Tax Planning for Parents of Children with Autism
Tax Planning for Parents of Children with Autism
This article would be useful to all families who have children with special needs.
Parents or other caregivers of loved ones with autism may qualify for valuable tax benefits, which may be overlooked by some tax preparers who are unfamiliar with the autism spectrum disorder. These unique tax benefits may entitle parents to additional refunds of thousands of dollars.
Families often incur a myriad of expenses because of their child’s treatment and life style expenses many of which are deductible as medical expenses. Taxpayers who itemize deductions can claim medical expenses to the extent that they exceed 7.5 percent of adjusted gross income .The challenge is to be aware of which expenses may be allowable and to keep track of them.
Aside from the traditionally well known medical expenses such as prescriptions, doctors and dental treatments, eyeglasses, lab and hospital tests, therapies and health insurance premiums, there are many other deductible expenses you may not readily think of.

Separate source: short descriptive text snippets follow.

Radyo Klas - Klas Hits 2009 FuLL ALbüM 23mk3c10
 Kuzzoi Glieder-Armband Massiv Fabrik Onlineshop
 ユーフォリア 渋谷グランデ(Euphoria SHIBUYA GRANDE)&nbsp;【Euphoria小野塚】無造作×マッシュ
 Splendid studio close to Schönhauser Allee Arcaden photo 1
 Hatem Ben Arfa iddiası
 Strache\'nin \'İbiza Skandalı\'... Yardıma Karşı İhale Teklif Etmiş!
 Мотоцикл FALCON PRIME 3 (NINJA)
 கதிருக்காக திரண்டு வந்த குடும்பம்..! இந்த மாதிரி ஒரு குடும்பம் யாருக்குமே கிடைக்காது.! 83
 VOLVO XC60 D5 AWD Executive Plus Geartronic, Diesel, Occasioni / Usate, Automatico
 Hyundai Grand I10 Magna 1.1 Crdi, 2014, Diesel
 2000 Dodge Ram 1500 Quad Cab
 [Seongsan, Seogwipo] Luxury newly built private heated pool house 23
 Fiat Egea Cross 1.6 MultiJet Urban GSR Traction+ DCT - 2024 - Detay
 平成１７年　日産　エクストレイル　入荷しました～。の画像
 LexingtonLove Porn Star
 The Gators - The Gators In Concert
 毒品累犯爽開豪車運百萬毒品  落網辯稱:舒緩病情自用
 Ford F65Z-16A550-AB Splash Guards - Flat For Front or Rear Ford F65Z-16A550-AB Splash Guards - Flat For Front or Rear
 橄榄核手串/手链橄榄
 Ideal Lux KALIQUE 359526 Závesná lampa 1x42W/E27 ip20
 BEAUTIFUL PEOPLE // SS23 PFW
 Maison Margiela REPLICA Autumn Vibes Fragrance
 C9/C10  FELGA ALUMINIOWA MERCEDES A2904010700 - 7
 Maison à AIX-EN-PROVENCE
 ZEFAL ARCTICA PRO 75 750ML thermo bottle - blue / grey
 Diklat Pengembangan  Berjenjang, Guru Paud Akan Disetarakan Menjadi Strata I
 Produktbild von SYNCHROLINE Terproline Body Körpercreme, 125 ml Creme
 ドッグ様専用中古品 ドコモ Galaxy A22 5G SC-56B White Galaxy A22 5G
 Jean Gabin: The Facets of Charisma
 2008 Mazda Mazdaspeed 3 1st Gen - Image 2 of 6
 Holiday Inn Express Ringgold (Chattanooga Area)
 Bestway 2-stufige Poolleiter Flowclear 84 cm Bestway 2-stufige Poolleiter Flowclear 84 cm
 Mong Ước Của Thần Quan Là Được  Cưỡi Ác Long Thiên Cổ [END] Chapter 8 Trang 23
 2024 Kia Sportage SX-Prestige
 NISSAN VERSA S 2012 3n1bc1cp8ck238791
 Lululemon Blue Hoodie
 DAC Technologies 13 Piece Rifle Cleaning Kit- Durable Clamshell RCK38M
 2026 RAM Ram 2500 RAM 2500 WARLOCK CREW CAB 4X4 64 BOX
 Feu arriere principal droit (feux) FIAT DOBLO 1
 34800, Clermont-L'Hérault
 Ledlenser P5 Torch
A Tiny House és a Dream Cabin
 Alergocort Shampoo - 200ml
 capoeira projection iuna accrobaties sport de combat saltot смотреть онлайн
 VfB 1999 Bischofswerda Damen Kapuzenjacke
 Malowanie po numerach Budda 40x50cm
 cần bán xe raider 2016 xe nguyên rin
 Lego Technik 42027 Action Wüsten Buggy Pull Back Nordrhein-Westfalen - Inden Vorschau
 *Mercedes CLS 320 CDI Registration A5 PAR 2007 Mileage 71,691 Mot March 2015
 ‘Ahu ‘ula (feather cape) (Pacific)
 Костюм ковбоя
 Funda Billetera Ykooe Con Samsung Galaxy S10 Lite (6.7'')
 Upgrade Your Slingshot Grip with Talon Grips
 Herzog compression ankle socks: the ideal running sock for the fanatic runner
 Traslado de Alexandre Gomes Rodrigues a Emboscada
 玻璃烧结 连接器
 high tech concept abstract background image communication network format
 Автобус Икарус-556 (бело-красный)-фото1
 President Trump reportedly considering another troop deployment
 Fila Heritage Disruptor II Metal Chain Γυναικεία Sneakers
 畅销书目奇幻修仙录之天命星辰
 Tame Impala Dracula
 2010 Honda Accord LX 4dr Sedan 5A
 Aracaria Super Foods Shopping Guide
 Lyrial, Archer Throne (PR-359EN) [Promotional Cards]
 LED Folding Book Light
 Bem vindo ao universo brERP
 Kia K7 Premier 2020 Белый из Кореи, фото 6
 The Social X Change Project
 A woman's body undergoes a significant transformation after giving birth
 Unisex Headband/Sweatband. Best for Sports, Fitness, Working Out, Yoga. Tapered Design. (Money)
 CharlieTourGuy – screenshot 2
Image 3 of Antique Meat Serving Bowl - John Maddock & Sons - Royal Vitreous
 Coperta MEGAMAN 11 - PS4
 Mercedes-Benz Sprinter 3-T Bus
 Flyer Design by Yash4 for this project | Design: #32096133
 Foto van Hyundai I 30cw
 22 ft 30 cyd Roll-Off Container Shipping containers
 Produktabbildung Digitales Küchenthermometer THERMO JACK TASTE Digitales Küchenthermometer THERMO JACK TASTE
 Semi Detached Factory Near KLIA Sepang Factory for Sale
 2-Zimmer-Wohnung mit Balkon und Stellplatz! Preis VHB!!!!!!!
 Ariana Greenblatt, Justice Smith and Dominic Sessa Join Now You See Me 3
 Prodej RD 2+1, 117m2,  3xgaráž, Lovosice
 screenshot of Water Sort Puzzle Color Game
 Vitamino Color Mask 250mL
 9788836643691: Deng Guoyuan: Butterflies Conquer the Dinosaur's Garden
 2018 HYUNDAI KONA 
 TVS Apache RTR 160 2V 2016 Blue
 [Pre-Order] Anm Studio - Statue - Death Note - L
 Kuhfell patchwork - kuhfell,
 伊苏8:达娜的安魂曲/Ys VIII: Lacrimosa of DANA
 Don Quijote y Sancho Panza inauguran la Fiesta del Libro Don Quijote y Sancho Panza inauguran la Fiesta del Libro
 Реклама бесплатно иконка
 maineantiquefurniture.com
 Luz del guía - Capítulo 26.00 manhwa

Your physical or speech therapist may recommend certain activities, such as music lessons, gymnastics, horseback riding, swimming, or other sports activities as an adjunct to the therapy. These expenses, as well as travel to and from these activities are also deductible. Be sure to ask your therapist or doctor to write an updated note recommending the suggested activity for your tax files.
In addition, you may choose to attend workshops or informative seminars or conferences about your child’s disability and treatment. The cost of these conferences as well as travel and lodging costs ($50 per night per person) may be deductible.
If your child attends a special school, tuition costs, tutoring and educational supplies (such as software, books and videos as learning tools) which designed to educate special needs children may be deductible. Sign language instruction, speech therapy, remedial reading instruction and related books and materials in addition to transportation including parking and tolls are deductible.
The cost of diagnostic evaluations including testing by a speech-language pathologist, psychologist, neurologist, or other person with professional qualifications, may be deductible.
The cost of a patient care attendant (such as a babysitter) may also be deductible, so if you must hire someone to stay with your older child or adult child while you are out keep the receipts for these expenses.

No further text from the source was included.